I am trying to build a fat jar to send to spark-submit using sbt assembly. However, I cannot seem to get the build process right.
My current build.sbt is as follows
name := "MyAppName"
version := "1.0"
scalaVersion := "2.10.6"
libraryDependencies ++= Seq(
"org.apache.spark" %% "spark-core" % "1.6.0" % "provided",
"org.apache.spark" %% "spark-mllib" % "1.6.0" % "provided",
"org.scalanlp" %% "breeze" % "0.12",
"org.scalanlp" %% "breeze-natives" % "0.12"
)
resolvers ++= Seq(
"Sonatype Snapshots" at "https://oss.sonatype.org/content/repositories/snapshots/"
)
Running sbt-sssembly produces a jar. However, after submitting the jar to spark-submit
spark-submit MyAppName-assembly-1.0.jar
(there's already a main class specified so I'm assuming its ok I don't specify a class), the following exception gets thrown:
java.lang.NoSuchMethodError: breeze.linalg.DenseVector.noOffsetOrStride()Z
at breeze.linalg.DenseVector$canDotD$.apply(DenseVector.scala:629)

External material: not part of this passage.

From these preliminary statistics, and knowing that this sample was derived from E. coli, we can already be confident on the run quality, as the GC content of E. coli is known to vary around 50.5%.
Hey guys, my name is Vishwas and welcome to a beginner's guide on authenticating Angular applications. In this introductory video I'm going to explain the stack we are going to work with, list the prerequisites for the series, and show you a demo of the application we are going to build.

at breeze.linalg.DenseVector$canDotD$.apply(DenseVector.scala:626)
at breeze.linalg.ImmutableNumericOps$class.dot(NumericOps.scala:98)
at breeze.linalg.DenseVector.dot(DenseVector.scala:50)

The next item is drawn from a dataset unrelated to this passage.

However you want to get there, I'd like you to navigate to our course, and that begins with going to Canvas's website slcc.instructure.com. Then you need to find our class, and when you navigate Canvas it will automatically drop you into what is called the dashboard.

at RunMe$.cosSimilarity(RunMe.scala:103)
at RunMe$$anonfun$4.apply(RunMe.scala:35)
at RunMe$$anonfun$4.apply(RunMe.scala:33)
at scala.collection.Iterator$$anon$11.next(Iterator.scala:328)
at scala.collection.convert.Wrappers$IteratorWrapper.next(Wrappers.scala:30)
at org.spark-project.guava.collect.Ordering.leastOf(Ordering.java:658)
at org.apache.spark.util.collection.Utils$.takeOrdered(Utils.scala:37)
at org.apache.spark.rdd.RDD$$anonfun$takeOrdered$1$$anonfun$29.apply(RDD.scala:1377)
at org.apache.spark.rdd.RDD$$anonfun$takeOrdered$1$$anonfun$29.apply(RDD.scala:1374)
at org.apache.spark.rdd.RDD$$anonfun$mapPartitions$1$$anonfun$apply$20.apply(RDD.scala:710)
at org.apache.spark.rdd.RDD$$anonfun$mapPartitions$1$$anonfun$apply$20.apply(RDD.scala:710)
at org.apache.spark.rdd.MapPartitionsRDD.compute(MapPartitionsRDD.scala:38)
at org.apache.spark.rdd.RDD.computeOrReadCheckpoint(RDD.scala:306)
at org.apache.spark.rdd.RDD.iterator(RDD.scala:270)
at org.apache.spark.scheduler.ResultTask.runTask(ResultTask.scala:66)
at org.apache.spark.scheduler.Task.run(Task.scala:89)
at org.apache.spark.executor.Executor$TaskRunner.run(Executor.scala:213)
at java.util.concurrent.ThreadPoolExecutor.runWorker(ThreadPoolExecutor.java:1145)
at java.util.concurrent.ThreadPoolExecutor$Worker.run(ThreadPoolExecutor.java:615)
at java.lang.Thread.run(Thread.java:745)
I'm relatively new to the world of scala and sbt, so any help would be greatly appreciated!
So it turns out the issue is that breeze is already included in spark. The issue was that spark contained a newer Breeze version with methods that my version didn't have.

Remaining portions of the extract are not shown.